Ah, sibling rivalry. Residents of Edmonton and Calgary have always had strong feelings about their own cities - and often very negative ones about the other. The question isn't about which city is better, but rather which city is getting its groove on.
Years ago, Calgary established itself as the undisputed business and financial centre of Western Canada. In terms of head offices of corporate giants in Canada, Calgary is second only to Toronto. One glance at its skyline of gleaming high-rise towers would lead a visitor to mistake it for a much larger city such as Houston or Atlanta.
Edmonton has had to settle for being the provincial capital and having a better arts scene (although many would dispute this point). Both cities' CMA populations are just over a million, but Calgary has grown faster over the past few decades. The 1988 Olympic Winter Games was a pivotal turning point for Calgary in overtaking Edmonton.
That was then. Today, economic momentum in Alberta is shifting north.
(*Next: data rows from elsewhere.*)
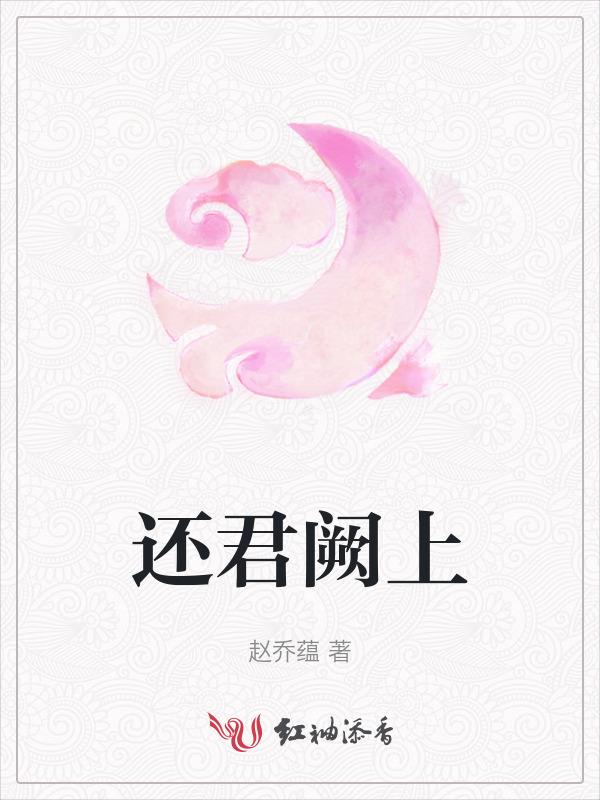 还君明珠第01集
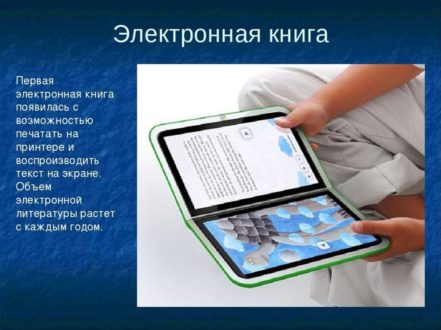 Преимущества чтения книг онлайн
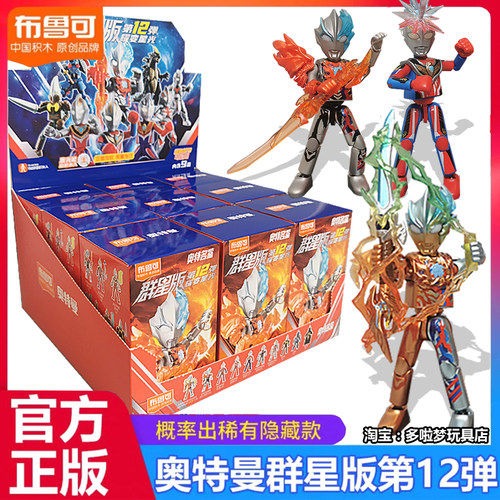 新品布鲁可奥特曼积木人群星版第12代第十二弹隐藏布莱泽盲盒正版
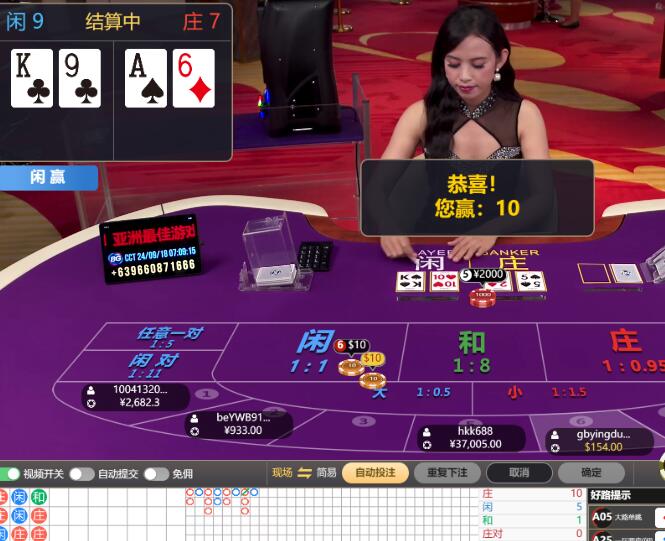 QQ截图20240918071344.jpg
Increasingly, Edmonton is the research and industrial workhorse of the province. The oil sands may be physically much farther north in Fort McMurray, but companies in and around Edmonton are the main service providers and manufacturers to that activity. That's going to accelerate in the next decade.
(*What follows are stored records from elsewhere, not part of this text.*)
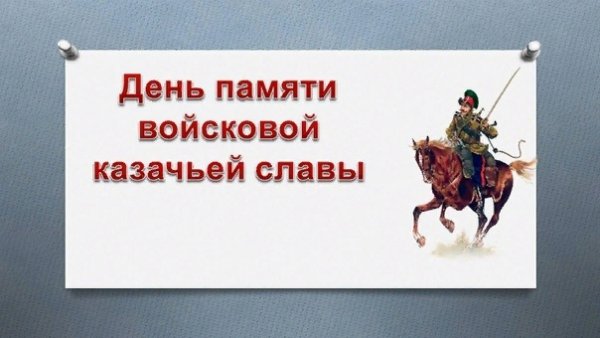 День воинской казачьей славы 18 октября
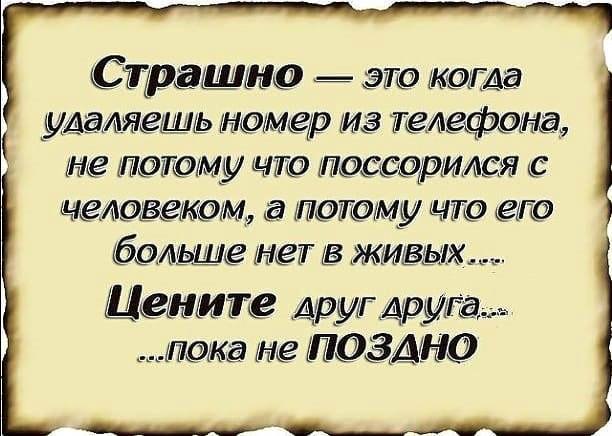   - 6  2025  18:58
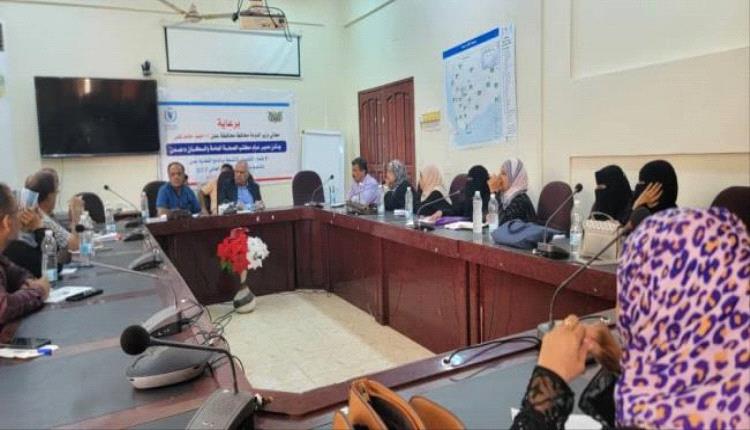 صحة عدن يعقد الإجتماع الربعي التقييمي لأداء برامج التغذية بالعاصمة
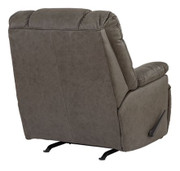 Renbuen Recliner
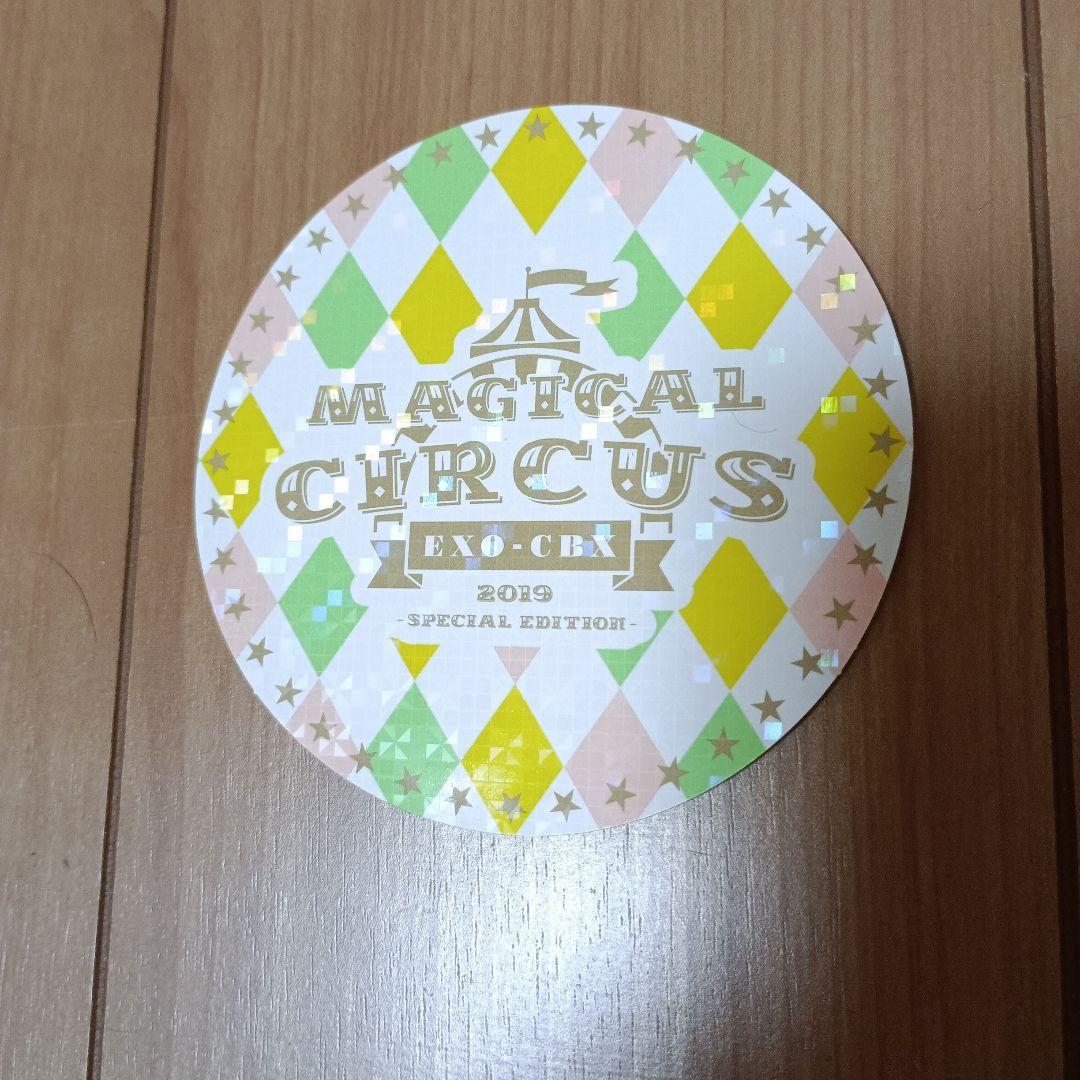 EXO Magical Circus 2019 sticker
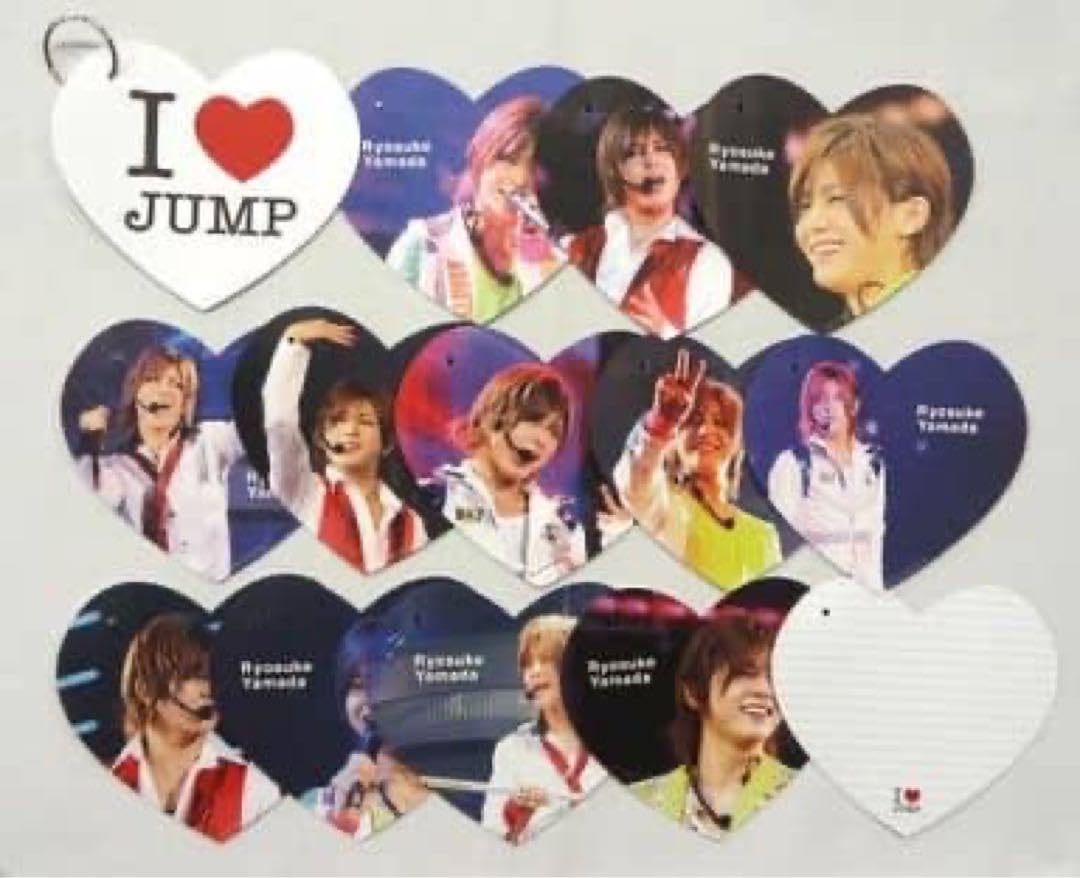 Amazon.co.jp: Hey! Say! JUMP 山田涼介 ハートリング メモ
True, Calgary is still home to the corporate head offices and all those white-collar jobs related to Alberta's energy sector, but jobs were hit hard during the recession. Many of Calgary's energy giants are heavily exposed to natural gas - a sector being battered by low prices.
Just south of Edmonton's city limits sits Nisku, an industrial complex relatively unknown even within Alberta. But a quick Google Earth glance at Nisku gives you a sense of its massive scale. With a footprint as large as all of downtown Toronto from the waterfront to Forest Hill, it's one of the largest industrial parks in the country. If you stacked up all of its warehouses, fabricating shops and industrial facilities on top of each other, you'd end up with something that easily rivals downtown Calgary in size and scope - just with fewer cappuccino bars.
As well as benefiting disproportionately from the booming oil sands, Edmonton has reignited its business prowess with the University of Alberta. Under its president, Indira Samarasekera, the U of A has established itself as a highly respected school with true linkages between scientific innovation and the GDP. Some of the pure academic types are not happy with this, but it's putting Edmonton on the business map.
Even in the province's rural heartland, the mix of industries is favouring northern Alberta. Agriculture in central and northern Alberta tilts toward crop farming, whereas Calgary and the south is cattle country. And these days, with the high Canadian dollar and limited access into the U.S. market, livestock farming is a tough business. Wheat and canola farmers around Edmonton are having a slightly easier go of it.
Throw in a new world-class art gallery, massive investments in health-care facilities, and the planet's second-largest Fringe Theatre Festival, and Edmonton is set for an economic and cultural renaissance. All this should help its bid for Expo 2017.
The recent municipal elections in both cities are telling. Calgarians, clearly unhappy with the status quo, voted in a young, fresh, energetic new mayor. Edmonton, on the other hand, returned its incumbent.
Of course, Calgary has nothing to worry about in terms of losing its title of Western Canada's business centre. It's a great city with many of its own charms. Personal income, housing prices and education levels in Calgary are solidly higher than in Edmonton. Calgary likes to think it's looking at its rival in its rear-view mirror. But Cowtown should heed the warning: Objects in the mirror are closer than they appear.
Todd Hirsch is a Calgary-based senior economist at ATB Financial. The opinions expressed are his own.